Each participant was asked to bring an ingredient. The group then devised and cooked dishes collaboratively with the Unfinished Business theatre company hosting and curating the event. In this role, the company managed discussions and solicited thoughts, comments and questions.
This innovative format for gathering local stakeholders' thoughts and opinions on a shared issue of interest provides a fresh take on roundtable discussion events. A template has been devised for researchers who might wish to deliver a similar event; it includes costings that would be helpful as part of a Pathways to Impact statement.
- Martha King, Arts Assistant, ICIA
- Dr Helen Featherstone, Head of Public Engagement
What we gained from the experience
This format created a 'level playing field' where everyone was able to bring their perspectives of the issue under discussion.

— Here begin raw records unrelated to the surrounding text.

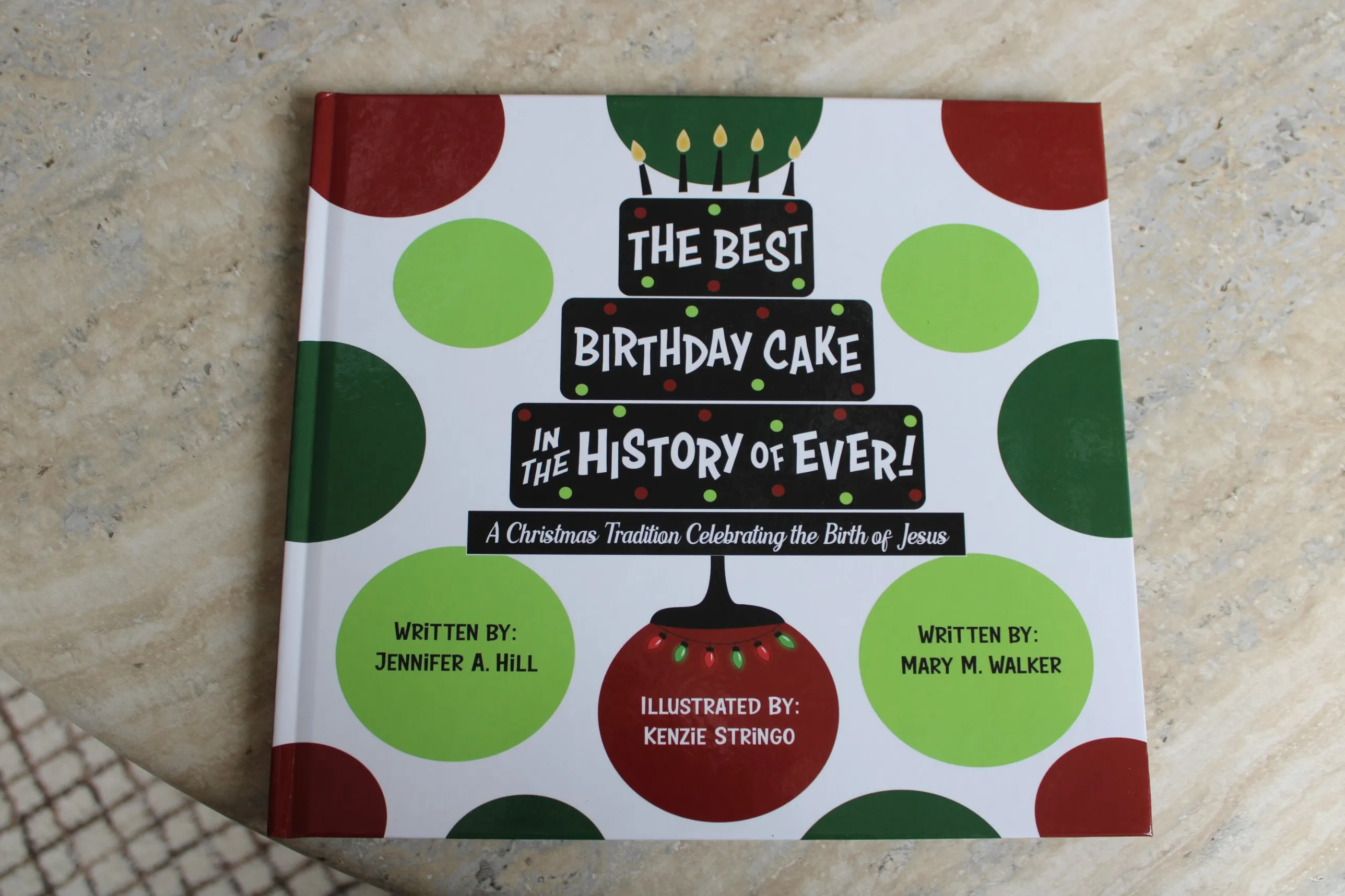 Hardcover copy of The Best Birthday Cake in the History of Ever on a marble table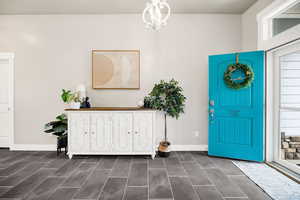 Foyer with baseboards and a wealth of natural light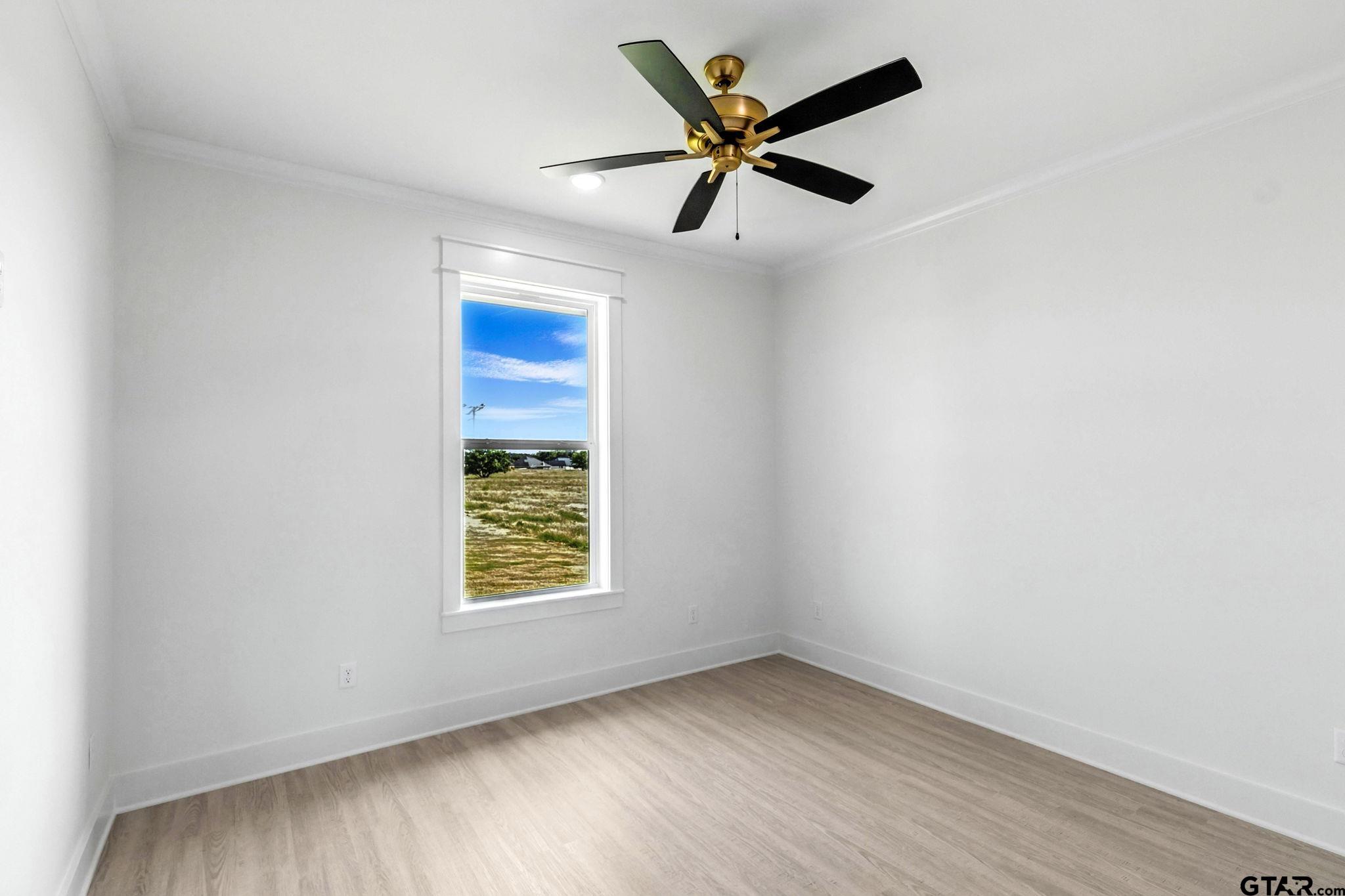 15524 County Road 434 Lindale, TX 75771 - Photo 22 of 23 an empty room with a window and a fan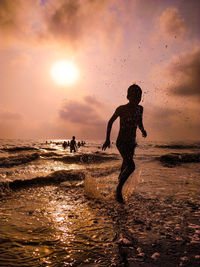 Silhouette boy on beach against sky during sunset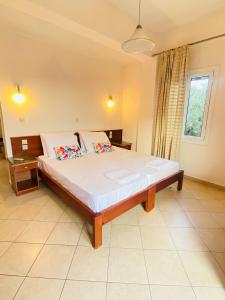 Voodi või voodid majutusasutuse Aphrodite Suites & Apartments with Swimming Pool toas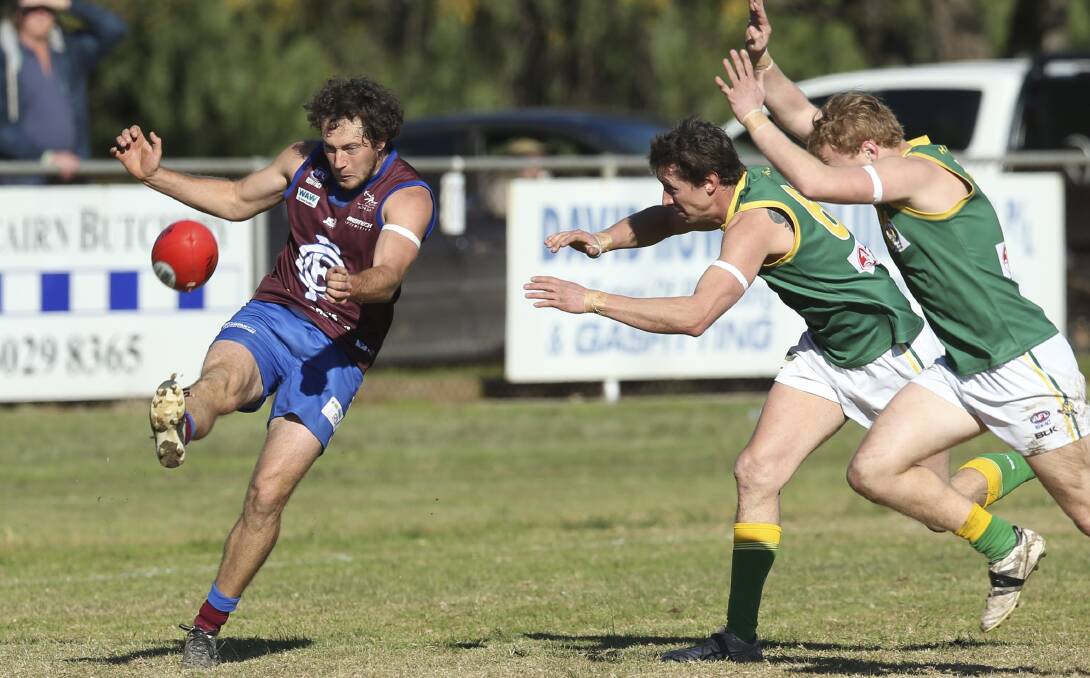 ON TOP: Dane Hallinan gets another kick away for Culcairn in their win over rivals Holbrook at Culcairn on Saturday. Picture: ELENOR TEDENBORG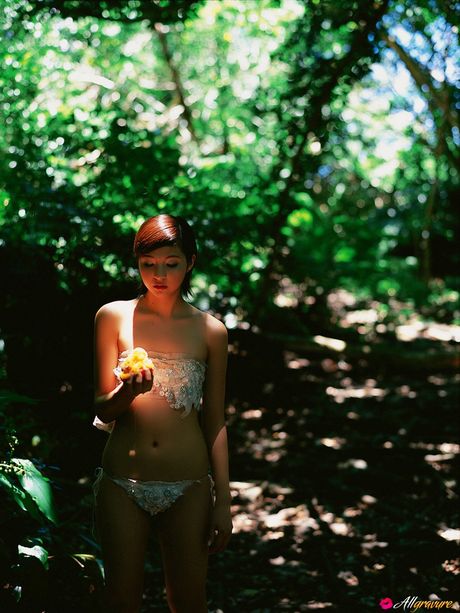 Asian doll Rina Nagasaki gets naked on a blanket on a sandy beach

The researchers involved enjoyed the experience as it brought new people to the issue under discussion but felt it needed more focus:
'It was fun and very relaxing to cook and eat with a bunch of people, many of whom I did not know. I think as a process it worked in helping to develop local networks around a theme, helped those who already knew each other to meet up and catch up. I'm not sure though that the process worked in enabling us to progress the issues. I suspect too many questions and issues were aired and there wasn't any discussion as to what we wanted to achieve by the end of the evening?'
What our partners gained
Unfinished Business found it a very positive experience. The format was based on a previous production where
the issues surfaced were shaped by the company. It was novel for Unfinished Business to be given a topic.
'We really enjoyed the event. After a fair few months away from the project, it felt reignited by this new context and the positive energy of the group. We're really excited by the possibility of continuing a collaboration with you in order to create events which bring together academics with non-academics to discuss pertinent issues.'
Other participants also enjoyed the format:
'What a great event which I really enjoyed and had several really interesting conversations. A great model for bringing people together.'
The questions raised by the group were seen as valuable. Participants commented that the technique modelled a real-world issue for the ageing population (healthy eating and social experiences) and this was valued.
What we'd do differently
Unfinished Business needed more time in direct conversation with a researcher to get to grips with the depth and breadth of the content. By coincidence the lead academic who was involved with the project at the beginning was on maternity leave at the time of developing the event.
Use a venue that was more appropriate. The venue (the Scout HQ in central Bath) was cold and had smoke alarms which couldn’t be switched off which made cooking rather risky.
Developing the questions more collaboratively and more rapidly would have helped the discussion get further
in the time available.
Our tips for other researchers
We used an external event manager. Next time she suggested using an event system such as Eventbrite to take registrations.
Unfinished Business ran the event very skilfully and had fine-tuned their approach— this was apparent in the event and comments from participants. One example was that each person had a notebook. Participants used this to jot down thoughts and ideas. One person was observed writing an 'Ideas list'.
Keep to time—we started late and overran.
The basic format was valuable but needed a tighter focus and purpose. People valued the interaction but wanted to know, 'what next?'.